Mauricio Hernández, economista de BBVA, sugiere que a partir de mayo la tendencia en el sector industrial cambió y en junio la producción manufacturera habría crecido 3 por ciento.

Cuando se corrigen los datos por días hábiles, la producción industrial de mayo creció anualmente alrededor de 4,0 %.

“Los datos más recientes parecen indicar que se inició la recuperación industrial. Sin embargo, este repunte será a un ritmo gradual y se consolidará en el segundo semestre de 2016, cuando la refinería de Cartagena entre en plena capacidad de producción”, agregó Hernández.

Desde la firma Credicorp Capital apuestan que el crecimiento de este sector presentará una dinámica negativa debido a caídas importantes en el segmento de refinación de petróleo.

Camilo Durán, analista económico de Credicorp, estima que la reducción será cercana al 2,8 % en términos interanuales.

Aunque los pronósticos varían entre analistas, lo que resulta claro es que la industria está empezando a adaptarse a la nueva situación económica mundial y local.

Los industriales deben enfrentarse ante dos obstáculos: el uso de su capacidad instalada actual es bajo con respecto a los promedios históricos y la volatilidad en el tipo de cambio.

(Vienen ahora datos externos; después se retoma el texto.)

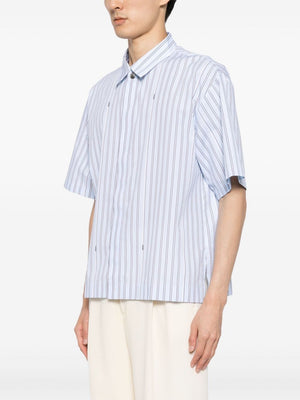 JACQUEMUS Short Sleeve Cotton Shirt in Bright Blue Stripe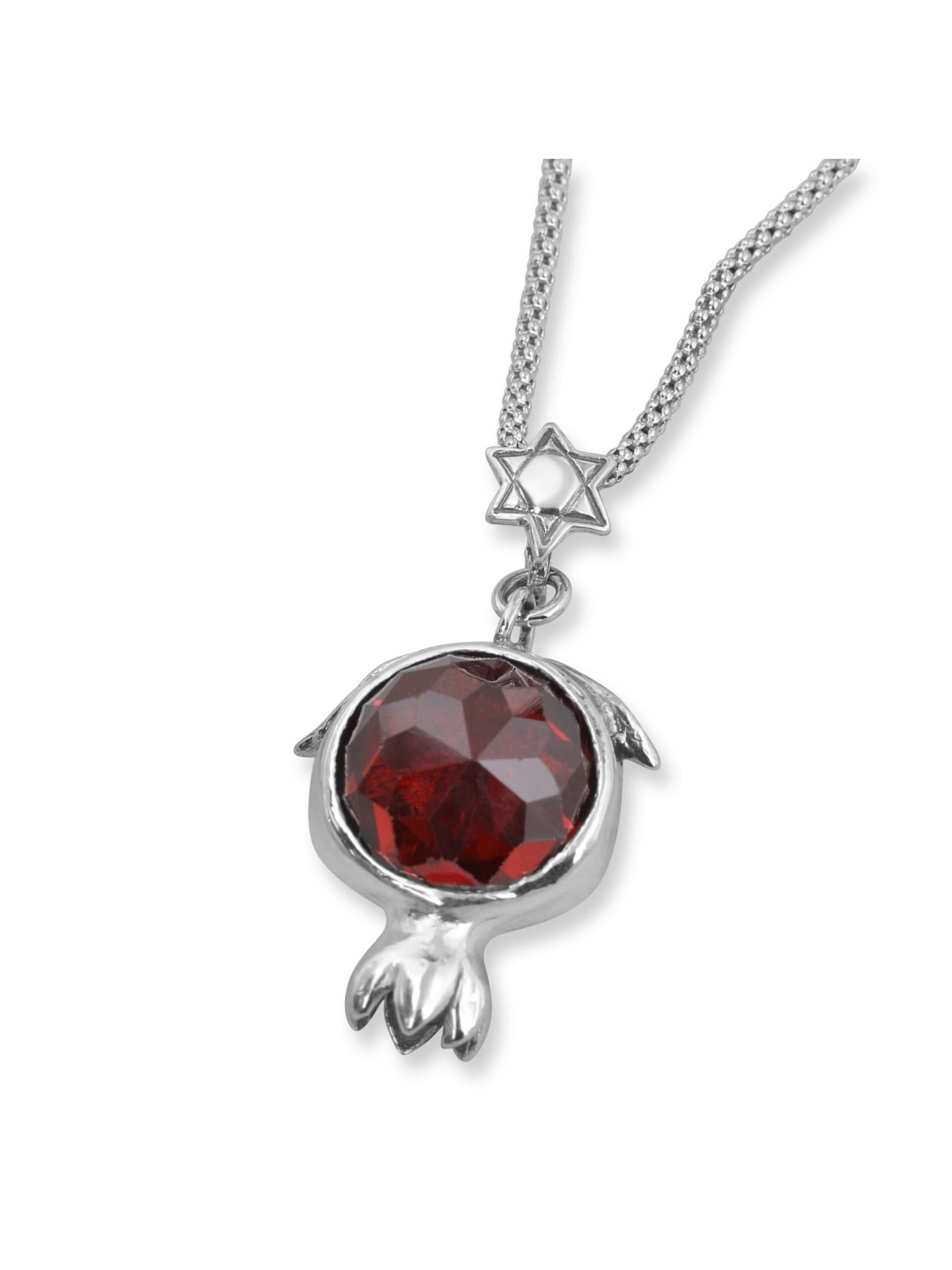 Sterling Silver and Garnet Pomegranate Necklace with Star of David Det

La actividad manufacturera está siendo afectada de manera significativa por el nivel elevado de la tasa de cambio, cercano a los 3.000 pesos, que dificulta la inversión en maquinaria e insumos.

La devaluación encarece el ejercicio productivo y tiene a reducir los ingresos de las empresas.

Para Wilson Tovar es indiscutible que el endeudamiento de muchas empresas de la industria en moneda extranjera, ha pesado en lo corrido del año pues estas deudas crecieron cerca de un 40 %, afectando no solamente el saldo sino los costos financieros implícitos.

“El sector industrial como cualquier otro sector de la economía utilizan deuda como fuente de apalancamiento para crear valor, pero en el entendido que las ventas no vienen el panorama financiero se enrarece”, indicó Tovar.

No obstante, el economista de Credicorp Capital, Camilo Durán, expresa que se debe tener en cuenta los beneficios de la depreciación del peso: “Por un lado, la pérdida de valor de nuestra moneda frente al dólar incentiva en gran medida a los exportadores de los bienes producidos en el país, y, por otra parte, beneficia a aquellos productos nacionales que compiten con bienes importados”.

En todo caso, los especialistas creen que el ‘súper dólar’ debería alentar gradualmente la producción de la industria con la mejora gradual en el ritmo de crecimiento de los principales socios comerciales, mientras que la reducción de los aranceles a las importaciones (Pipe 2.0) apoyaría la expansión de este sector.

En adición, la reapertura de la refinería de Cartagena contribuirá fuertemente a mejorar los indicadores de la industria, dado su peso relativo en la muestra total (20 %).

CONSUMO DE HOGARES, FORTALEZA DE LAS VENTAS MINORISTAS

Para junio, se espera que las ventas minoristas continúen presentando una tasa de crecimiento positiva, consolidando la recuperación observada en mayo.

Este indicador resulta relevante porque permite analizar y seguir de cerca la dinámica del consumo privado de la economía en una frecuencia mensual.

Además, permite anticipar cómo será la evolución del consumo privado en las cuentas nacionales (PIB) debido a que el consumo de los hogares representa cerca del 65 por ciento del PIB total.

Acciones y Valores le apuesta a un crecimiento modesto en el mes de junio cercano al 3,0 %, mientras que Credicorp Capital espera que el comercio minorista tenga un incremento interanual de 3,2 %.

Mauricio Hernández, especialista económico de BBVA, estima una dinámica positiva junto a una variación positiva de 5,5 % en este indicador.

“Esperamos un crecimiento alto porque las ventas de carros en el mes estuvieron relativamente estables respecto al año anterior. A diferencia de los meses anteriores, en junio las ventas de carros no restaron al crecimiento del total de las ventas minoristas”, añadió Hernández.

Teniendo en cuenta la fuerte depreciación del peso, la inflación que se ubica por encima del techo del rango meta del Banco de la República y la desaceleración económica, se estima que durante la segunda mitad del año, las ventas minoristas continúen con crecimiento positivo.